An Indian-American fund manager serves up unique investing lessons from the 'motel Patels'.

By R. Sridharan | Print Edition: August 26, 2007

The cardinal principle of investing, great wise investors have told us, is that return is directly proportional to risk. That is, greater the risk, higher the return. But a US-based value investor and self-admitted Warren Buffett disciple thinks that's not the right approach to investing. Some of the savviest investors, argues Mohnish Pabrai, who manages Irvine, California-based Pabrai Investment Funds, have always followed a simple investing strategy: Get the maximum return with the least amount of risk. The book The Dhandho Investor is dedicated to proving that point.

The Dhandho Investor
Mohnish Pabrai John Wiley & Sons
Pp: 196
Price: Rs $27.95
(Rs 1,146)  
Pabrai, whose own funds have returned 28 per cent annualised between 1996 and 2006, makes the point through simple stories of great entrepreneurs.

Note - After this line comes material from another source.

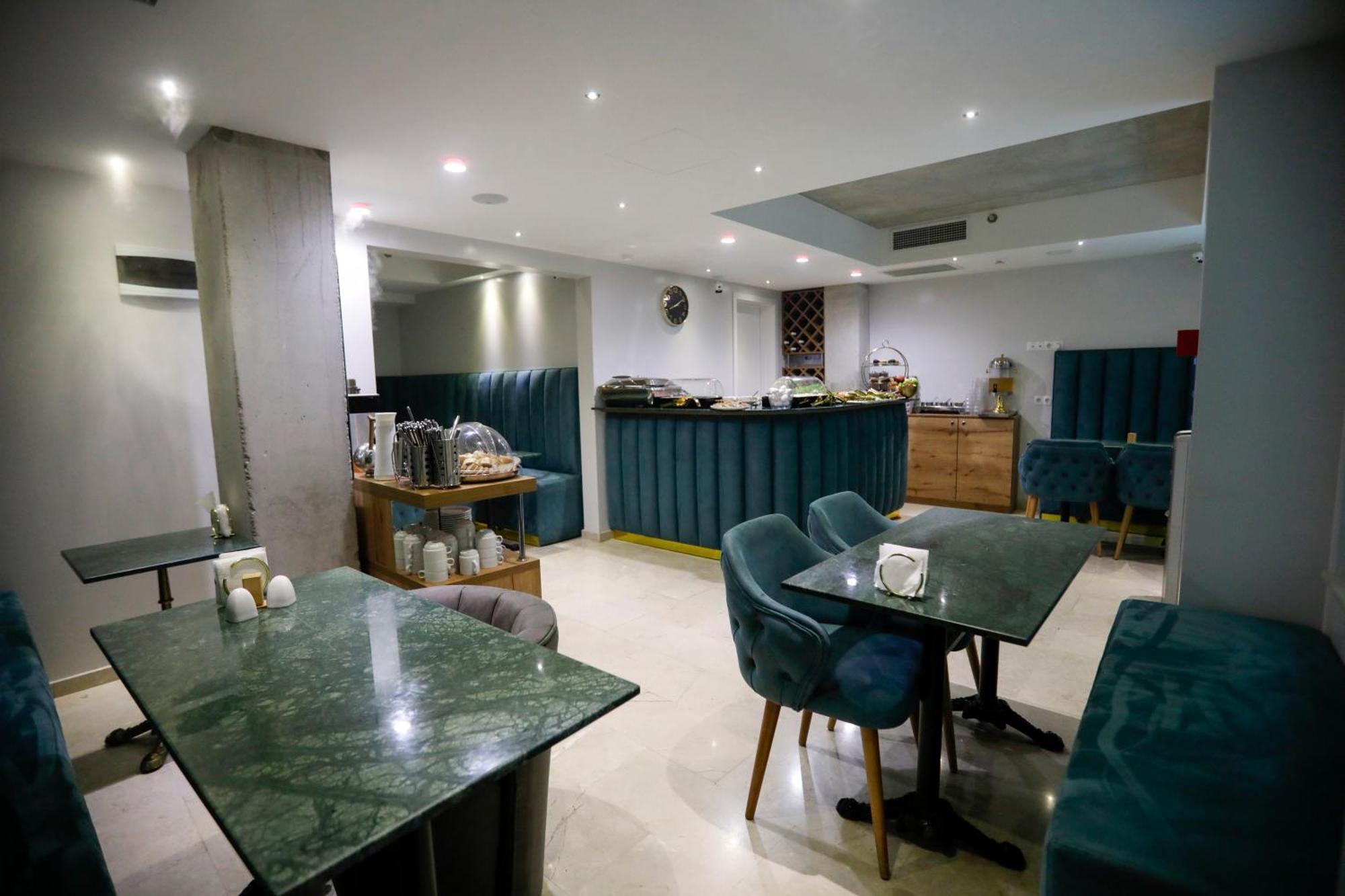 M 1 T Hotel Tbilisi Esterno foto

The biggest of them, as he tells the reader, isn't one person but a clan: the 'motel Patels' of the US. The US virtually had none of them until the mid-70s, but today they own more than $40 billion in motel assets in the country, pay $725 million in taxes annually and employ in excess of 1 million people. So how did they do it? Thanks to their low-risk, high-return approach to business.

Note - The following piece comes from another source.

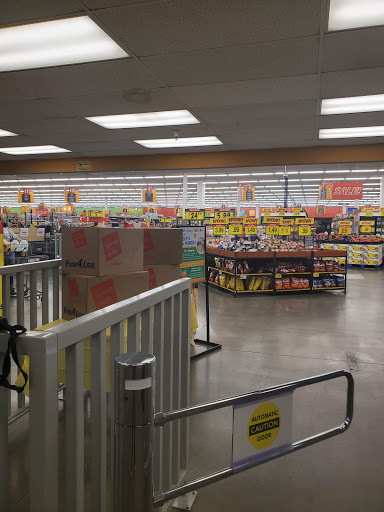 Grocery Store «Food 4 Less», reviews and photos, 2090 S Garey Ave, Pomona, CA 91766, USA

This is how a typical Patel would go about building his motel empire: Start with very low capital, zero in on a near distress sale motel, leverage bank loan at attractive terms, put his family to work at the motel (thereby replacing paid help), perhaps even live in the motel (if the family is newly arrived and wants to save on rent, car etc), drop rates to drive up occupancy, and use the cash flow to pay off the loans. "Having fully cornered the motel market, the Patels have begun buying higher-end hotels and have delved into a number of businesses where they can apply their lowest-cost operations," writes Pabrai.

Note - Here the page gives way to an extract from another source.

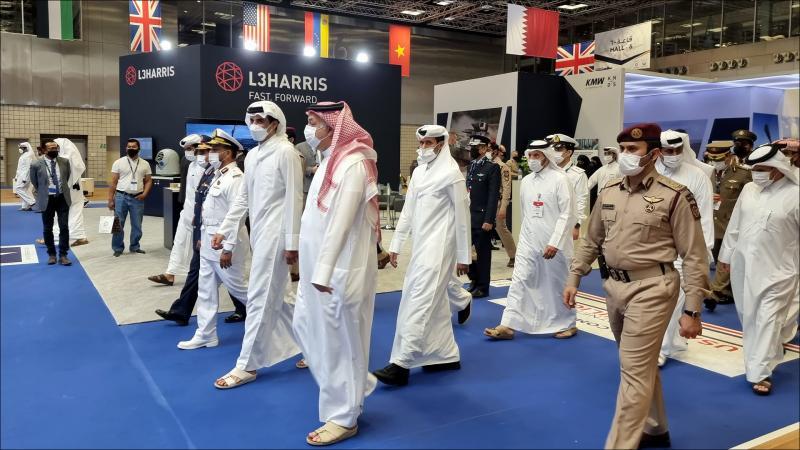 حضرة صاحب السموالشيخ تميم بن حمد آل ثاني في طريقه لافتتاح معرض ومؤتمر الدوحة الدولي للدفاع البحري (ديمدكس2022)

If you thought skimping it like the Patels would be hard for others, you are probably right, but that still doesn't take anything away from the basic investment philosophy of "Heads, I win; Tails, I don't lose much" that they employ. There are several other successful entrepreneurs, the author says, who pretty much use the same principle. Entrepreneurs such as Virgin's Richard Branson and Arcelor-Mittal's L.N. Mittal. Pabrai offers a nine-point Dhandho (it means business in Gujarati) Framework, which includes diktats like invest in existing and simple businesses, invest in distressed businesses in distressed industries, make few bets, but big bets, and invest in copycats rather than the innovators. The book is delightful for the simple and engaging style in which it is written. But the reason you should be reading it is the contrarian message that it carries.

The Indian CEO
By Signe M. Spencer et al
Response (Sage)
Pp: 206
Price: Rs 395
The worst thing about global management research is that it has very little on India. No doubt, there is a handful of case studies on companies, but there's almost nothing on Indian CEOs. How different is he from the typical American CEO who, invariably, is seen as the role model for others around the world? Are there circumstances and regulations that are unique to the CEO in India? What sort of local and global skills does the Indian CEO draw upon to lead his enterprise? In short, there is little academic insight into what goes into the making of a successful Indian CEO. Therefore, this book is a much-needed addition to the small but growing literature on management in India.

The book, sponsored by the Public Enterprises Selection Board (PSEB), originally intended to provide tools to PSEB improve performance at state-owned firms by matching leaders to companies more accurately, but as the authors started gathering data and insights, it occurred to them that a larger audience could perhaps benefit from their work. At the end of the book's 14 chapters, you'll discover that the successful Indian CEO is indeed different from his peers elsewhere. For one, the authors say, the Indian CEO is unique for including larger societal good as part of business decisions, deriving strength from spiritual sources, and in his compassion for others. But what may surprise you is the authors' conclusion that the private sector and public sector are more similar than different.